Specific decisions by companies have made democracies vulnerable: “It’s fair to say then that some of the current challenges we face are inherent to a fully connected world… But not all problems we’re seeing now are an inevitable byproduct of this new technology. They’re also the result of very specific choices made by the companies that have come to dominate the internet generally and social media platforms in particular. Decisions that, intentionally or not, have made democracies more vulnerable,” he said.
Decline of traditional news sources: ” What social media platforms have done, though, thanks to their increasing market dominance and their emphasis on speed, is accelerate the decline of newspapers and other traditional news sources. There are still brand name newspapers and magazines, not to mention network news broadcasts, NPR other outlets that have adapted to the new digital environment while maintaining the highest standards of journalistic integrity. But as more and more ad revenue flows to the platforms that disseminate the news, rather than that money going to the newsrooms that report it, publishers, reporters, editors, they all feel the pressure to maximize engagement in order to compete. Reporters start worrying about, “I gotta tweet something, cause if I don’t, I may be out of a job.”” he added.

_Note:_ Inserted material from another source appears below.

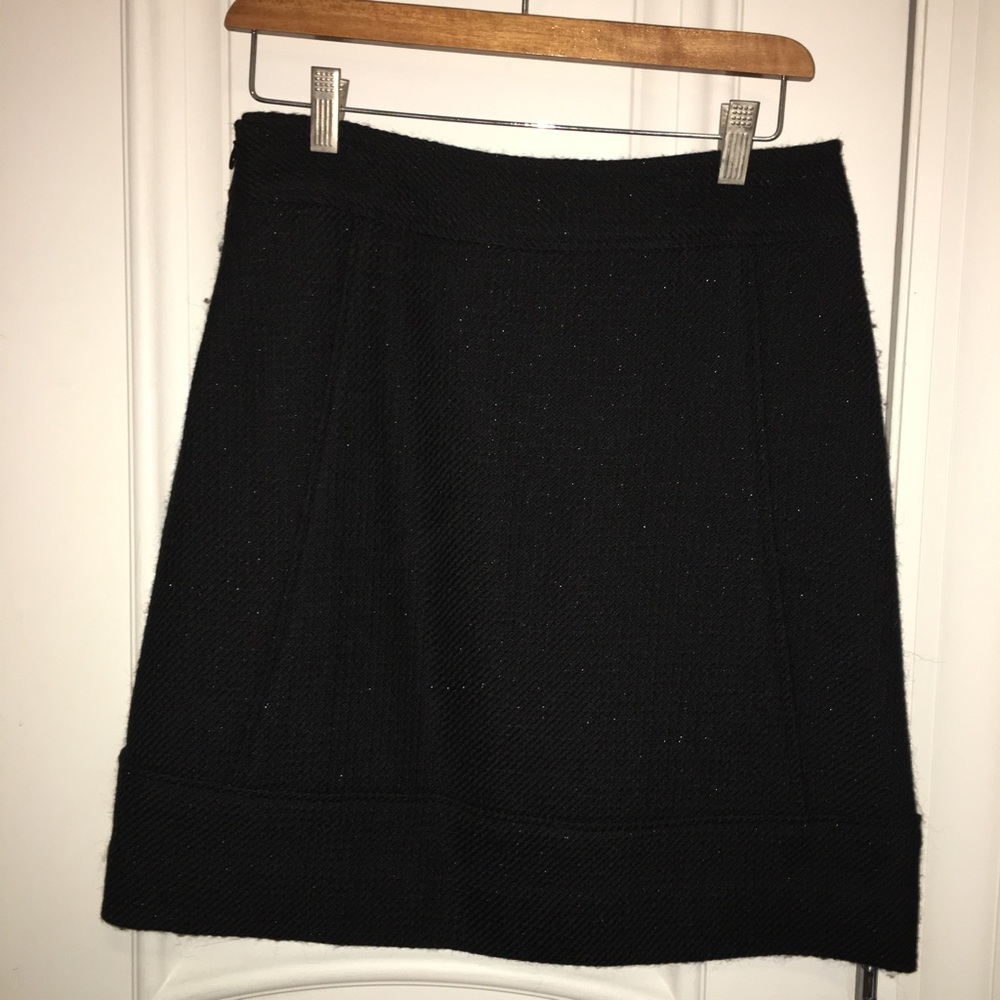 Club Monaco black wool skirt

What else can be done other than bringing in regulation?
- Citizens should become better consumer of news: “We have to take it upon ourselves to become better consumers of news, looking at sources, thinking before we share and teaching our kids to become critical thinkers who know how to evaluate sources and separate opinion from fact,” Obama said.
- Promote local journalism: “Part of this project is also going to require us finding creative ways to reinvigorate quality journalism, including local journalism, because one of the challenges we have, part of the reason that you’ve seen increased polarization, is all media has become nationalized and hence, more ideological,” he added.
- Build civic institutions for new generation: “We need to figure out ways to give young people and the rest of us the chance to build up civic muscles. And we have to figure out how to do that, not just in the real world, but also on virtual platforms where young people are spending time,” he added.